Together, the three groups have notched up 80-plus years service, a chance for Rhonda Adamsam (Spiers), Mandy Stringer (WHW) and Kedy Kristal (Pat Giles) to reflect on their achievements for women and children.

The Spiers Centre (known for many years as Granny Spiers Community House) began in 1980 as an informal group meeting in local homes to support women ‘in the new and isolated area’ of Heathridge’.

The group became Heathridge-Beldon Women’s Community Group (and later Ocean Ridge Women’s Community Group), offering art/craft classes, personal development and recreational activities along with childcare.

Today, the centre is the go-to for financial counselling, emergency relief and social/support groups, with demand for ‘helping services’ more than trebling especially in the last 10 years.

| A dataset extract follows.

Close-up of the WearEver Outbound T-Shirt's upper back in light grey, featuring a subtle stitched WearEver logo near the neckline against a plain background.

‘While there have been many political, environmental and economic changes over the years, the needs of people who are financially disadvantaged have not changed ” in many cases they have worsened,’ chief executive Rhonda Adamsam said.

With 25 years behind them, both Women’s Healthworks (health, education and resource centre) and the Patricia Giles Centre (for victims of domestic violence) are also dealing with increased demand.

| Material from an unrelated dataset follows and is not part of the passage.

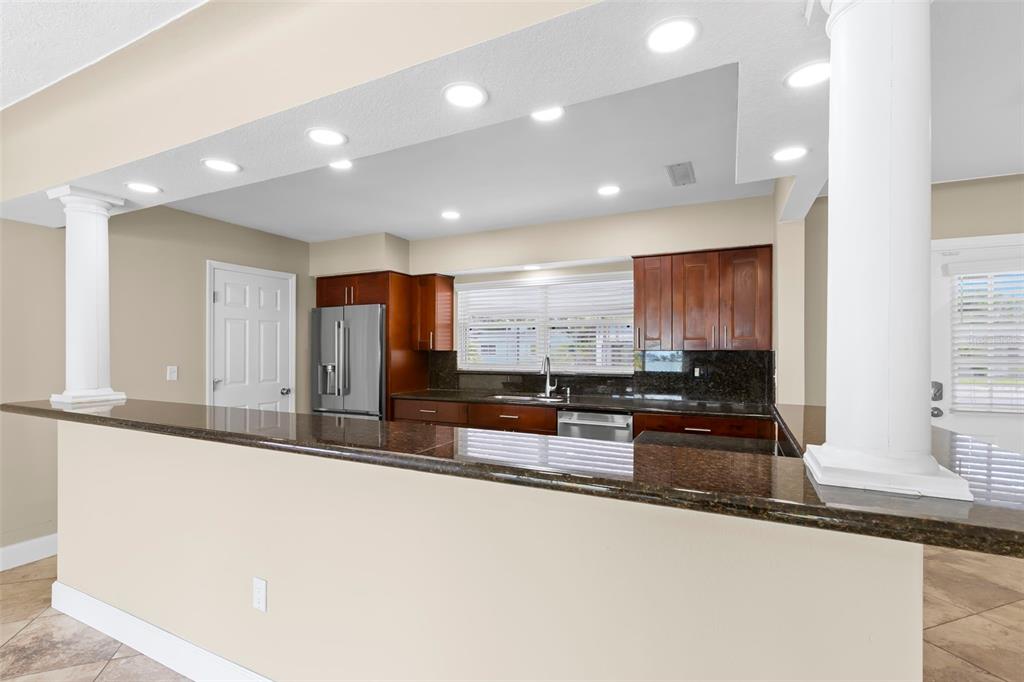 708 Sunset Cove Madeira Beach, FL 33708 - Photo 8 of 61 a large kitchen with stainless steel appliances a large counter top a stove and a sink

Women’s Healthworks is adding in services, particularly in the burgeoning far northern suburbs, having recently rekindled its partnership with the larger Women’s Health and Family Services.

‘Our services continue to expand to respond to the growing needs of women and their families,’ said manager Mandy Stringer, who has 18 years with the centre.

‘We recognise that many women in the northern suburbs are socially isolated and offer ways for them to connect through community choirs, craft and walking groups.’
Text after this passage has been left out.